News media companies are also taking advantage of the desperation caused by the pandemic.
“People are still waiting for an extraordinary cure, the magic pill, the secret potion that will relieve us of our ills,” says Ortiz. “Many media outlets are aware of this and prefer their own benefit rather than the collective benefit. That is why it is common to find that media organizations that cover health issues without having specialized journalists appeal to exaggeration to generate higher levels of audience. The effect of this behavior is to instill in people inaccurate, incomplete and sometimes even incorrect ideas on certain topics that, in the long run, lead to poor health decisions being made.”
Instead of investing in information quality, in-depth reports or hiring specialized journalists, in countries like Mexico most of the national media continue to bet on harvesting likes to attract advertisers and demonstrate the impact of their content.
“We know that fear and hope sell and even more in uncertain times,” Carrillo adds. “Journalists and editors have a social responsibility, but there are no controls over their actions.”
The hype and other injections of hyperbole and bombastic promises of not-so-distant benefits are not innocuous. As promised forecasts are not met, these media distortions and bloated advertisements can erode public confidence and support for science. Or have a negative impact on the way people think scientific research is done or how infectious diseases like COVID-19 or HIV/ AIDS are dealt with.
For example, this is what has happened in Latin American countries with government announcements and newspaper articles with a chauvinist tone about national vaccines against the coronavirus that have come to nothing or their future is uncertain.

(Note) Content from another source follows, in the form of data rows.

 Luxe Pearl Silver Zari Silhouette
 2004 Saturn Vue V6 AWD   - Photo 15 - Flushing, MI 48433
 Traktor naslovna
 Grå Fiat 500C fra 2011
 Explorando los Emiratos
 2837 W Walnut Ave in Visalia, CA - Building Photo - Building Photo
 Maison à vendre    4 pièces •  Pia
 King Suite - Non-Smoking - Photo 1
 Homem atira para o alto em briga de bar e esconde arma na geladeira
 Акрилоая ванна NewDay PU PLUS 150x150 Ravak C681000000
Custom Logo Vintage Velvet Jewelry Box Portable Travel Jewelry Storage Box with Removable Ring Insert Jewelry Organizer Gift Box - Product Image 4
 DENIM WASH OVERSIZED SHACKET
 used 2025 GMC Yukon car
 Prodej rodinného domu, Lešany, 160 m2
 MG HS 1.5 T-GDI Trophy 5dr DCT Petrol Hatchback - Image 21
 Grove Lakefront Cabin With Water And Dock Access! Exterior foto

“In Peru, since the beginning of the pandemic, a supposed Peruvian nasal vaccine against COVID-19 was promoted, which turned out to be a fraud,” recalls health journalist Fabiola Torres. “The researchers were interviewed on radio and television and they even established a date for the release of their vaccine to the market: July 2021. When we investigated the subject on our website Salud con Lupa, we verified that the Peruvian vaccine project had only completed tests on animals.”
Local vaccine projects such as the “ARVAC Cecilia Grierson” vaccine (Argentina) and the “Patria” vaccine (Mexico) also led to bombastic headlines in the media and especially from the institutions that promote them and who appealed in their institutional articles to words and phrases full of nationalism like “pride” and “sovereignty.”
The phenomenon is amplified by the habit of many journalists to copy-paste press releases, which in many cases responds to the lack of journalists specialized in science and health in the newsrooms.
“Being unprepared, many media depend almost exclusively on press releases and some scientists,” warns Argentine science journalist Andrea Gentil. “Added to this are certain ‘habits and customs’ of journalism, such as the one that affirms that the news that makes an impact are those that attract attention. In addition, non-specialized editors and writers do not have the necessary background to warn how exaggeration can be detrimental to audiences by generating expectations that are totally lacking in scientific basis.”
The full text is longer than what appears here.